** Opening Extracted material block **

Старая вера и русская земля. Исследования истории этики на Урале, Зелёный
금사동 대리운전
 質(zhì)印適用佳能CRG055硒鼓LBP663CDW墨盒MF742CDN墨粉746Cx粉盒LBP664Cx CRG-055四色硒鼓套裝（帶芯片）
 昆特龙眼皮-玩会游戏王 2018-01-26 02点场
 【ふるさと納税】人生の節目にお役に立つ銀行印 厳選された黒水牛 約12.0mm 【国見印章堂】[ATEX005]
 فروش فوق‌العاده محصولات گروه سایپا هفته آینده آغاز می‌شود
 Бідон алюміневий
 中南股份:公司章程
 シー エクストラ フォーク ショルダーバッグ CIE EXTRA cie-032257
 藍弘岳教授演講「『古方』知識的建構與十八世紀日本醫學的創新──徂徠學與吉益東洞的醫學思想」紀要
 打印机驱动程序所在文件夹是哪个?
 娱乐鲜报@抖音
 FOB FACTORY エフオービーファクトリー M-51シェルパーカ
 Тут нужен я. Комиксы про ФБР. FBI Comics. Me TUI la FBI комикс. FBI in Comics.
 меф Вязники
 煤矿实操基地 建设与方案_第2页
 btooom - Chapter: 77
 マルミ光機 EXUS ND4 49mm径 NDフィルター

** Closing Extracted material block **

__Problem details__:
Up to and including the line with "シー エクストラ フォーク ショルダーバッグ CIE EXTRA cie-032257", restate the records above word for word from the very first line.

__Solution to the exercise__:
Старая вера и русская земля. Исследования истории этики на Урале, Зелёный
금사동 대리운전
 質(zhì)印適用佳能CRG055硒鼓LBP663CDW墨盒MF742CDN墨粉746Cx粉盒LBP664Cx CRG-055四色硒鼓套裝（帶芯片）
 昆特龙眼皮-玩会游戏王 2018-01-26 02点场
 【ふるさと納税】人生の節目にお役に立つ銀行印 厳選された黒水牛 約12.0mm 【国見印章堂】[ATEX005]
 فروش فوق‌العاده محصولات گروه سایپا هفته آینده آغاز می‌شود
 Бідон алюміневий
 中南股份:公司章程
 シー エクストラ フォーク ショルダーバッグ CIE EXTRA cie-032257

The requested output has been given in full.